Men zou kunnen vragen: Wat wil men toch? Prof. Augustijn laat ons dienaangaande niet in het onzekere. Niet zo lang geleden is er van de hand van deze professor een cahier uitgekomen, waarin hij de vraag stelt: Wat moeten de Gereformeerde Kerken nu met haar belijdenisgeschriften? Op deze vraag geeft hij het ondubbelzinnige antwoord: „Het lijkt mij het beste om duidelijk te zeggen, dat de drie formulieren van enigheid hun tijd gehad hebben". Hij zou het toejuichen als de kerken dit ook zo zouden uitspreken.

Maar zou men dan niet kunnen volstaan met een wat lossere binding, zoiets als aanvaarding van de belijdenisgeschriften „in geest en hoofdzaak", of met een formule als de Ned. Herv. Kerk sinds 1949 heeft, dat de kerk belijdt „in gemeenschap met de belijdenis der vaderen"?

Neen, antwoordt Prof. Augustijn, ook die formulering is nog steeds te eng, want als wij die gemeenschap met die oude formulieren uitspreken, dan sluiten wij daarmee de roomskatholieken uit, en zij horen er ook bij.

Wat dan? Moet er dan een geheel nieuwe belijdenis komen? Die kant wil Prof. Augustijn ook niet uit. Daar zitten te veel" bezwaren aan vast. Immers, het opstellen van een geheel nieuwe belijdenis is geen kleine zaak - die schud je zo maar niet uit de mouw. Prof. Augustijn heeft helemaal geen behoefte aan een bindende belijdenis. Hij zou het best zonder kunnen stellen.

Hij schrijft: „In een tijd, waarin de zaken niet duidelijk liggen, moet men mijns inziens niet streven naar duidelijkheid. De kerk heeft nu andere dingen te doen. Zij zal in onze tijd naar alle kanten open moeten staan en een nieuwe weg moeten zoeken. Wij moeten dat samen leren. Dat kan heel goed gebeuren, ook als het ondertekeningsformulier blijft zoals het is. Het gaat niet om vormen, maar om de inhoud. Een uitspraak van de Gereformeerde Kerken, waarin bepaald wordt dat de overheid, de kerken en haar leden een bepaald percentage van hun inkomsten behoren te besteden aan ontwikkelingshulp, is vandaag meer waard dan elke binding aan een oude of nieuwe belijdenis. Niet omdat ontwikkelingshulp „in de mode" is. Maar eenvoudigweg omdat dit in onze tijd één van de eerste konsekwenties is van het geloof in Jezus Christus".
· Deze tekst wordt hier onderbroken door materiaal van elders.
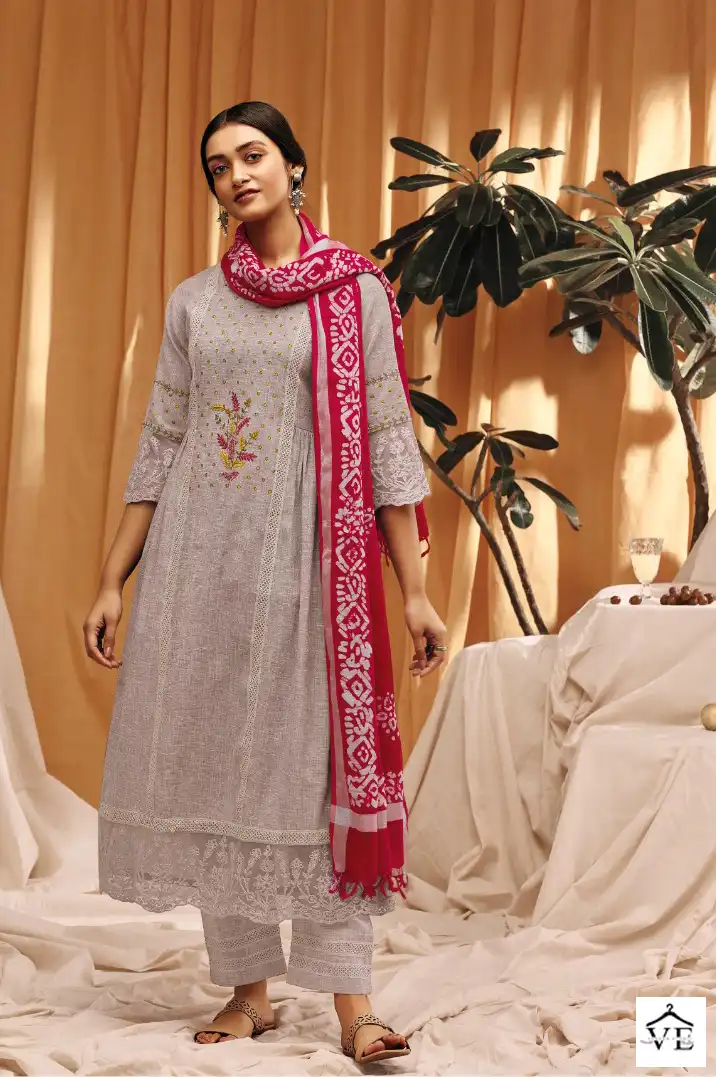 Jay Vijay Aimi Cotton Wholesale Designer Salwar Suit Catalog — Wholesale Salwar Suits, MPA wholesale from Surat - Gallery Image 2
Prof. Kuitert denkt er net zo over. Een nieuwe belijdenis is ook volgens hem geen haalbare zaak. Dat schept allerlei problemen. Want (zo zegt hij in het maandblad „Voorlopig"), neem nu eens art. 12 van de Ned. Geloofsbelijdenis, waarin gesproken wordt over schepping, val en pijniging van de engelen. Zo'n artikel moet en kan duchtig ingekort worden. Maar om de problemen meteen maar erin te halen: moeten die engelen er werkelijk nog in of is ook een verkorte aanduiding al overbodig of achterhaald? Veel synodeleden zullen daarover meteen al met elkaar van mening verschillen. En dan hebben we het nog maar over de vraag of de engelen in die nieuwe belijdenis moeten! Zodra het gesprek zou beginnen over de verzoening, over Jezus' opstanding, over de maagdelijke geboorte of over de wederkomst van Jezus, zou de hoeveelheid meningsverschillen niet alleen groter worden, maar ook van ernstiger aard. Niet omdat sommigen één van deze thema's niet in die nieuwe belijdenis zouden willen hebben, integendeel, maar omdat het in die nieuwe belijdenis immers om een belijden voor onze eigen tijd zou gaan. De nieuwe belijdenis zal immers niet kunnen herhalen, maar onder woorden moeten brengen wat al deze oerthema's van het christelijk geloof vandaag voor ons betekenen. Het lijkt mij toe, aldus Prof. Kuitert, dat elke poging in die richting ons — misschien wel voorgoed — van de drie formulieren van enigheid zal afhelpen, omdat ze dan — alweer voorgoed — formulieren van blijvende onenigheid zullen worden! Men kan zeggen: dat zijn ze altijd al geweest. Een oordeel over deze historische opmerking laat ik aan bevoegden over. Ik zou slechts willen zeggen: zij zullen het in de omstandigheden, waarin wij nu leven, zeker worden. Omdat dus vernieuwing van de belijdenis op allerlei praktische bezwaren stuit, wil men de drie formulieren van enigheid nog wel behouden, mits we, volgens Prof. Augustijn, maar beseffen, dat ze voltooid verleden tijd geworden zijn. Dat wil dus zeggen, dat men zich er in de praktijk van het leven niets aan laat gelegen liggen.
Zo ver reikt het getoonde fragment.